== Exercise description ==
The span to be transcribed begins with the line that contains "Miu Miu Womens" and ends with the last line of the listing; copy it exactly and include nothing else.

== Data ==

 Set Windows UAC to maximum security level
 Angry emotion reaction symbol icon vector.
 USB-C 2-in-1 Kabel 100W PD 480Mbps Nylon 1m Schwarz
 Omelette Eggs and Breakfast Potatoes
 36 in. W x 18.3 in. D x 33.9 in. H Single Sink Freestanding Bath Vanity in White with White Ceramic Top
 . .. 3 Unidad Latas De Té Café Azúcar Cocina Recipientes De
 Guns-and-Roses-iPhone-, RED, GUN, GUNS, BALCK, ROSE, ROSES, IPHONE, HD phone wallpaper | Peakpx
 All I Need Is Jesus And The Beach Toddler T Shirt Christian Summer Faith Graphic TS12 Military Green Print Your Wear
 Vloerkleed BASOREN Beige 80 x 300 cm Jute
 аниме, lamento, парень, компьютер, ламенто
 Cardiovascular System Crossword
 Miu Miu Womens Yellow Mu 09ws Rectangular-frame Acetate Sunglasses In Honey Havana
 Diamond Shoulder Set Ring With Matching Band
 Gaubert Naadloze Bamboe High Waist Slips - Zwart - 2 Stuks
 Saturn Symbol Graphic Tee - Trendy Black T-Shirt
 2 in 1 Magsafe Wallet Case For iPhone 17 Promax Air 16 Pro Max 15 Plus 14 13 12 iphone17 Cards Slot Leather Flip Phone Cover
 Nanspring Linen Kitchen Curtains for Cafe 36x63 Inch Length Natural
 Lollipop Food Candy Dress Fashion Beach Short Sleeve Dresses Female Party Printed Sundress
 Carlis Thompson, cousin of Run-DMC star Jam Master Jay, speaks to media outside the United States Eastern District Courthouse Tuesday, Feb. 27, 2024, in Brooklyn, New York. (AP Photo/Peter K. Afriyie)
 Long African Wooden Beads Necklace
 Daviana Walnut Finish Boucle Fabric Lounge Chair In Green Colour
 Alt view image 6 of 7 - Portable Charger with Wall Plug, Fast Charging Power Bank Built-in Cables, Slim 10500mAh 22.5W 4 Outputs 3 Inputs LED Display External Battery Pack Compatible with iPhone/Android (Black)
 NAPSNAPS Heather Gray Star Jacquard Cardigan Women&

== Answer to the problem ==
 Miu Miu Womens Yellow Mu 09ws Rectangular-frame Acetate Sunglasses In Honey Havana
 Diamond Shoulder Set Ring With Matching Band
 Gaubert Naadloze Bamboe High Waist Slips - Zwart - 2 Stuks
 Saturn Symbol Graphic Tee - Trendy Black T-Shirt
 2 in 1 Magsafe Wallet Case For iPhone 17 Promax Air 16 Pro Max 15 Plus 14 13 12 iphone17 Cards Slot Leather Flip Phone Cover
 Nanspring Linen Kitchen Curtains for Cafe 36x63 Inch Length Natural
 Lollipop Food Candy Dress Fashion Beach Short Sleeve Dresses Female Party Printed Sundress
 Carlis Thompson, cousin of Run-DMC star Jam Master Jay, speaks to media outside the United States Eastern District Courthouse Tuesday, Feb. 27, 2024, in Brooklyn, New York. (AP Photo/Peter K. Afriyie)
 Long African Wooden Beads Necklace
 Daviana Walnut Finish Boucle Fabric Lounge Chair In Green Colour
 Alt view image 6 of 7 - Portable Charger with Wall Plug, Fast Charging Power Bank Built-in Cables, Slim 10500mAh 22.5W 4 Outputs 3 Inputs LED Display External Battery Pack Compatible with iPhone/Android (Black)
 NAPSNAPS Heather Gray Star Jacquard Cardigan Women&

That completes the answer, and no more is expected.